Three Spanish royals to get immunity from lower courts
Observers wonder if move is linked to Princess Cristina’s legal troubles over Nóos case
Queen Sofía, Crown Prince Felipe and his wife, Princess Letizia, will all enjoy immunity from the lower courts and could only be tried by the Supreme Court if ever charged with a crime.
So announced Justice Minister Alberto Ruiz-Gallardón at the press conference following Friday’s cabinet meeting.
The decision comes as Felipe’s younger sister, Princess Cristina, and her husband, Iñaki Urdangarín, remain official targets of a court investigation into the Nóos case, which involves the embezzlement of millions of euros from government contracts awarded in Valencia and the Balearics regions.
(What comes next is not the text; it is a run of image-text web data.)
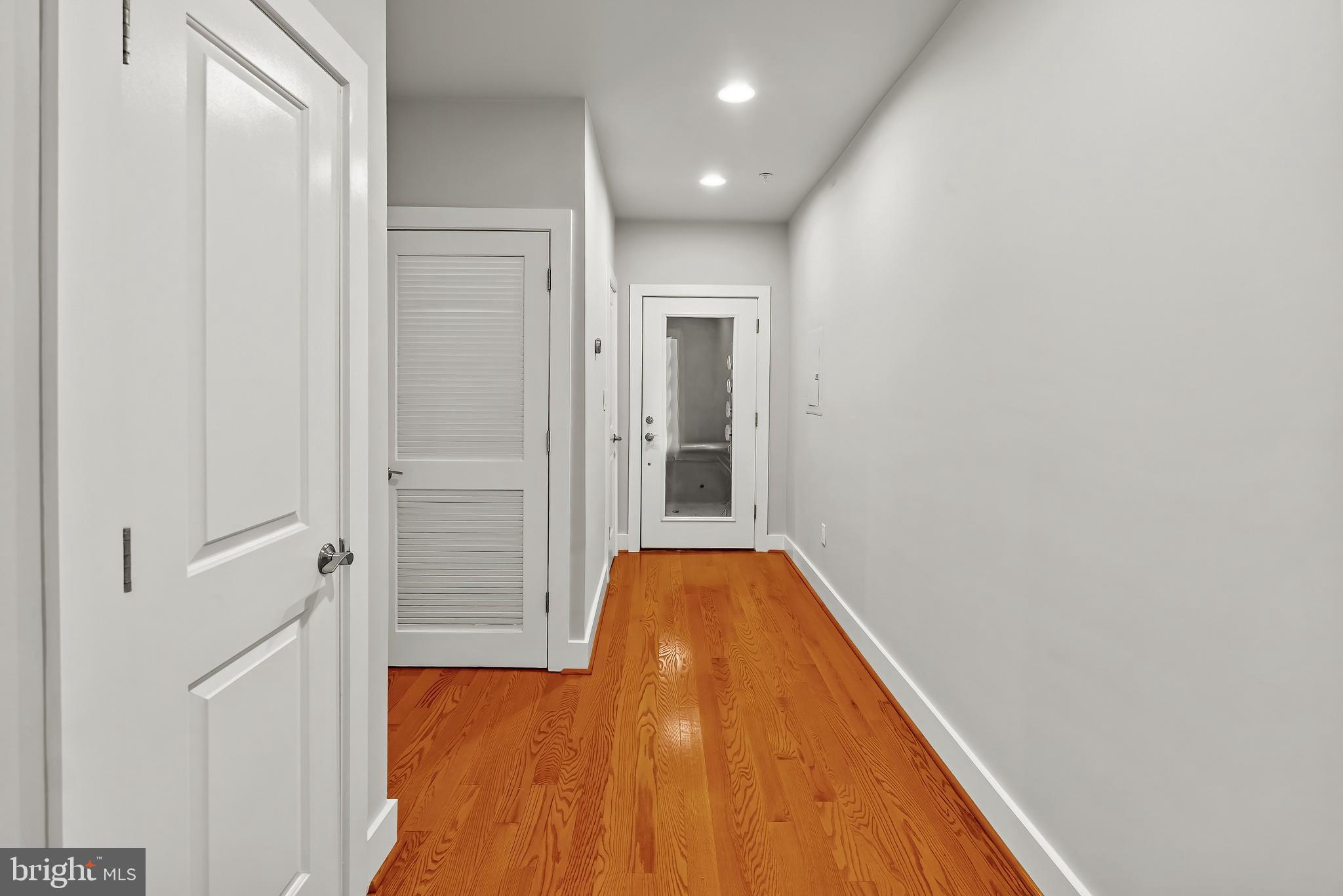 2616 Garfield Street Northwest, Unit 1 Washington, DC 20008 - Photo 5 of 22 a view of hallway with wooden floor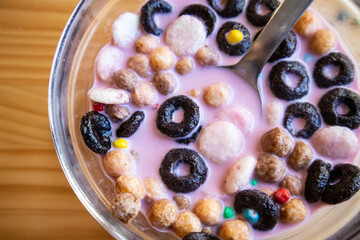 Dry breakfast in glass round plate bowl on a wooden table in cafe. Delicious cornflakes drenched in pink strawberry milk. Healthy breakfast. Food for kids. Different type cereals, multicolored balls.
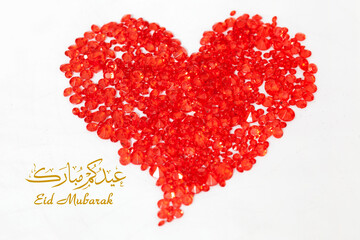 Eid Mubarak greeting card: Sparkling Red Gems as heart shape, with Arabic calligraphy and English...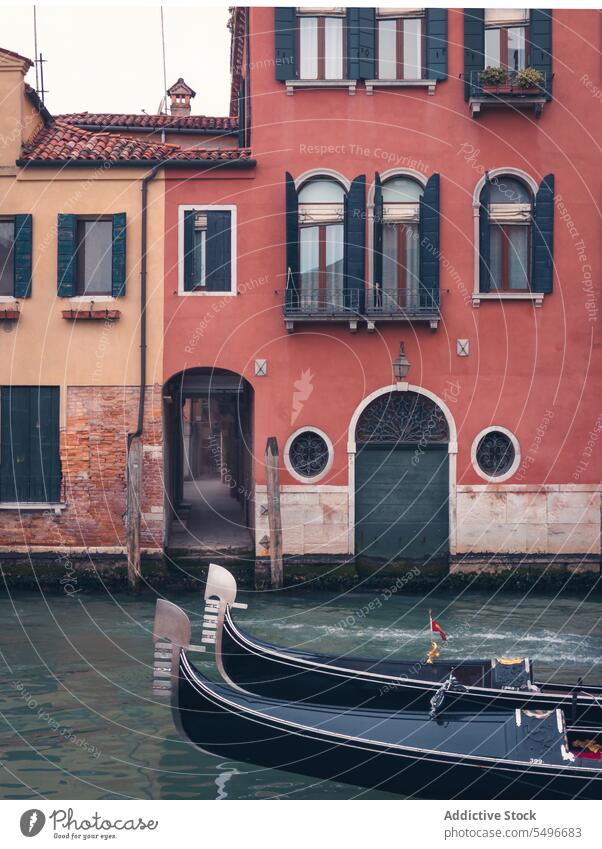 Exterior of old colorful buildings city street gondola house exterior facade canal boat venice italy europe tourism travel trip vacation weekend sightseeing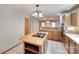 Kitchen with wooden island cooktop, tile floor, and wooden cabinets at 25056 Timberlake Dr, Fort Mill, SC 29708
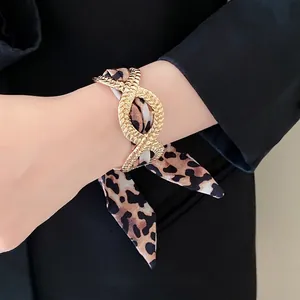 Elegant French style gold alloy bracelet featuring a leopard print silk scarf ribbon detail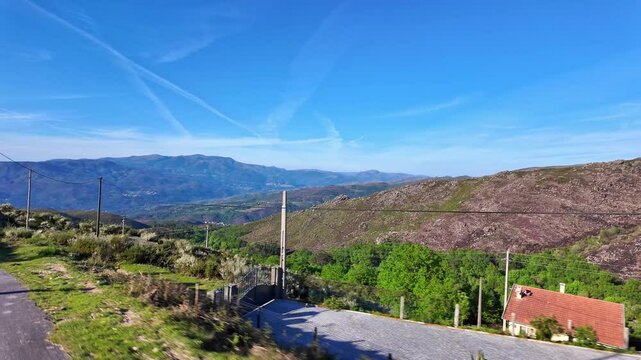 Driving with the car through the Peneda Geres National Park in Portugal, Europe. Area around Ponte da Barca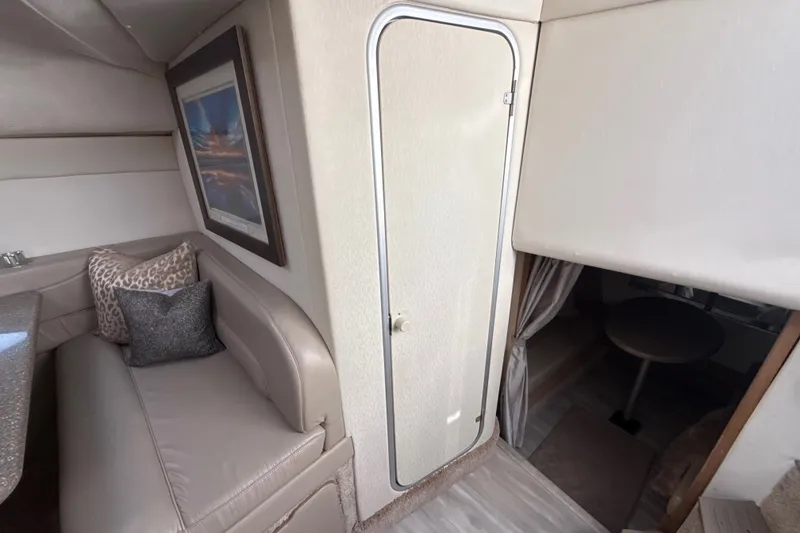 Slide: The Image of 1999 Maxum 3300 SCR cabin interior with seating, pillows, and framed artwork. - 46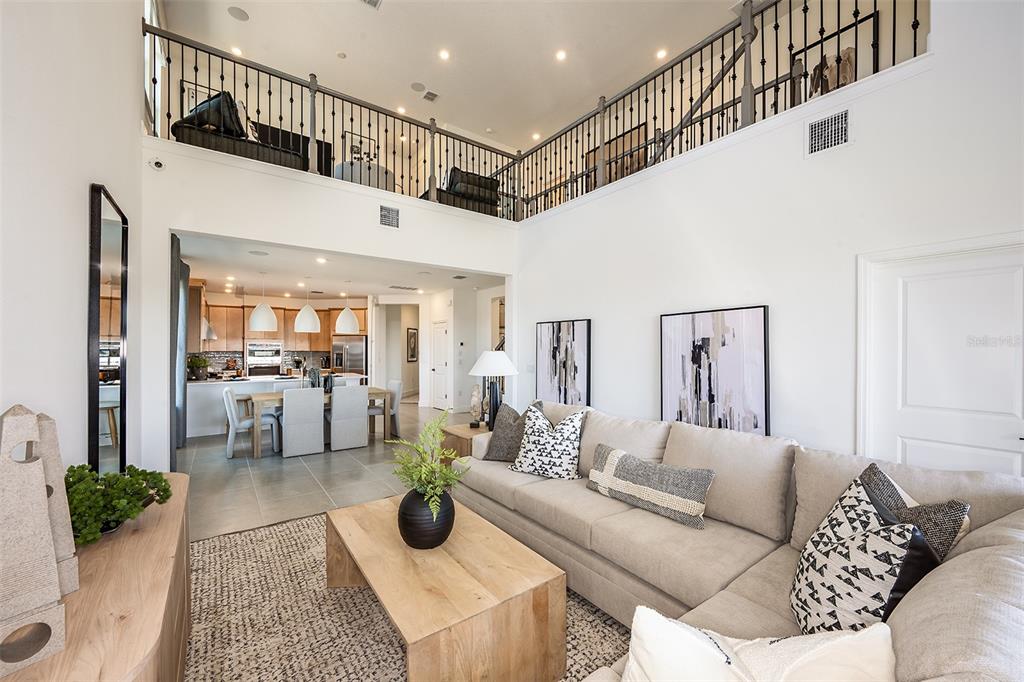 A modern kitchen features light wood cabinets, white quartz countertops, stainless steel appliances, and pendant lighting — 19337 LOCHSIDE LANE, MOUNT DORA, FL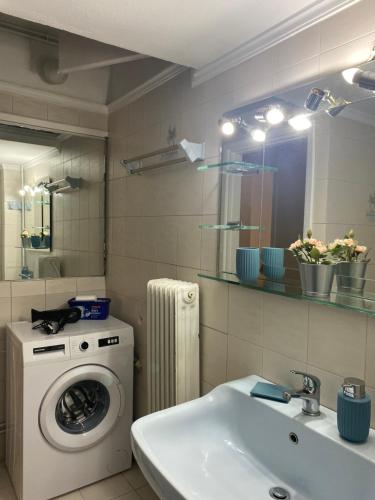 ein Badezimmer mit einer Waschmaschine und einem Waschbecken in der Unterkunft Elegant Apartment in Athen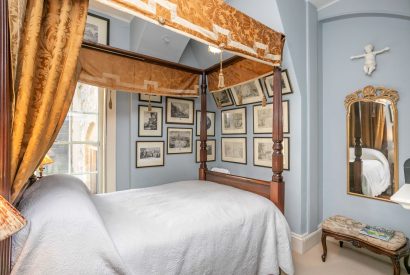 A four poster bedroom at Broughton Hall, Yorkshire Dales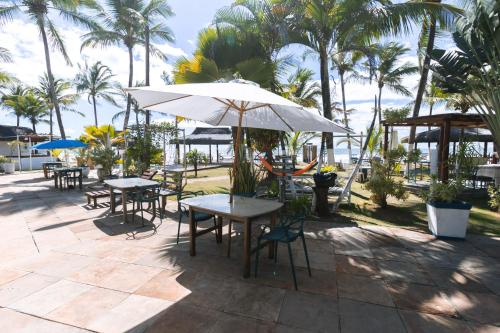a patio with tables and chairs and an umbrella at Indaiá Eco Village in Ilhéus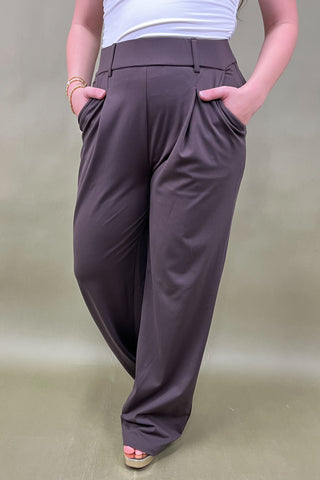 Person wearing brown wide-leg pants on a plain background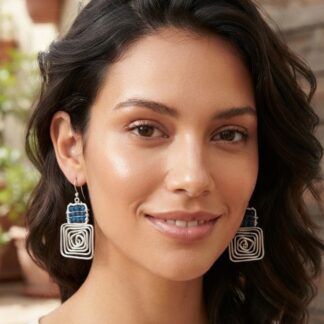 Close-up of a smiling woman with dark wavy hair wearing large silver square spiral earrings.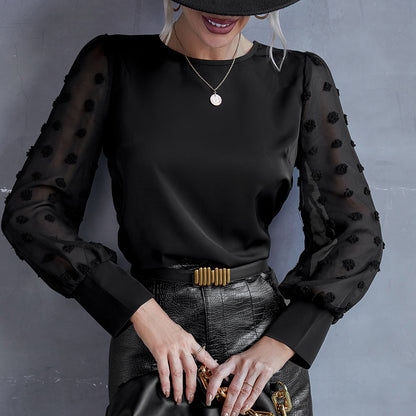 Chemisier femme avec des manches transparentes bouffantes et un détail décoratif Chic und Stil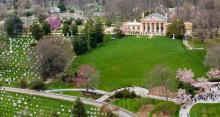 An aerial view of Arlington House, lawn, and part of the cemetery in the spring time. Cherry blossom trees are in bloom and the flag is at half mass.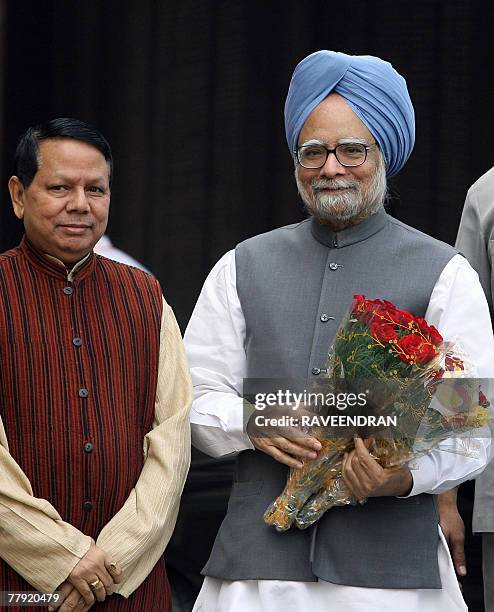 Information and Broadcasting Minister Priya Ranjan Dasmunshi welcomes Indian Prime Minister Manmohan Singh to the opening day of the winter session...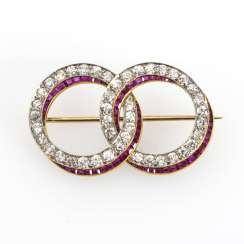 Art Deco double ring brooch with old European cut diamonds and rubies Art Deco double ring brooch with old European cut diamonds and rubies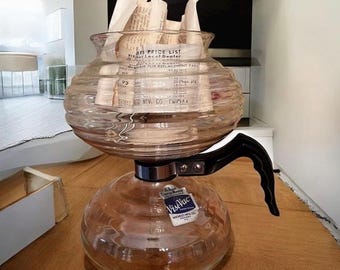 Puede incluir: Una cafetera de vidrio vintage con un asa negra y una base plateada. La cafetera tiene una base redonda y una parte superior más ancha, llena de papeles enrollados. La etiqueta dice "VisiVac".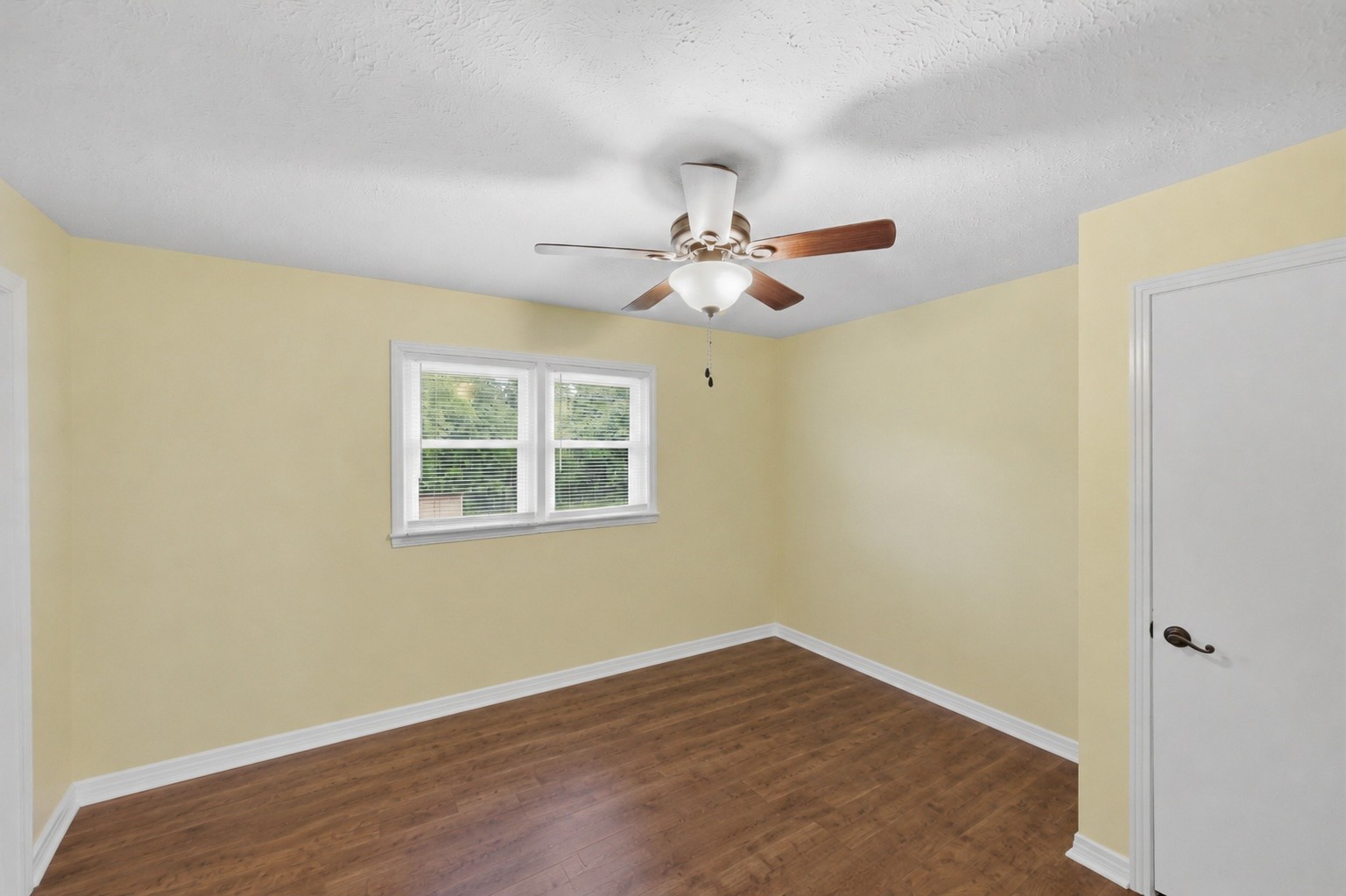 944 Brooksie Thompson Road Decaturville, TN 38329 - Photo 27 of 47 a view of an empty room with wooden floor and a window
Ruiz-Gallardón said the royals’ immunity had been decided upon now because “now is when the organic law on the judiciary is being reformed,” and rejected suggestions that it might have something to do with Cristina de Borbón’s present situation.
“Immunity is not a privilege, but a tool for legal security,” said the minister. “It corresponds to an individual’s state functions, and these fall to His Majesty the King, whose situation is specifically regulated in the Constitution; then in second place to the Queen, and after that to the Prince and Princess of Asturias. That is why we did not feel it was necessary to extend it to other members of the royal family.”
Ruiz-Gallardón also insisted that having immunity from the lower courts was not a privilege, because being tried directly by the Supreme Court means that “you have no possibility of appealing to a higher court.”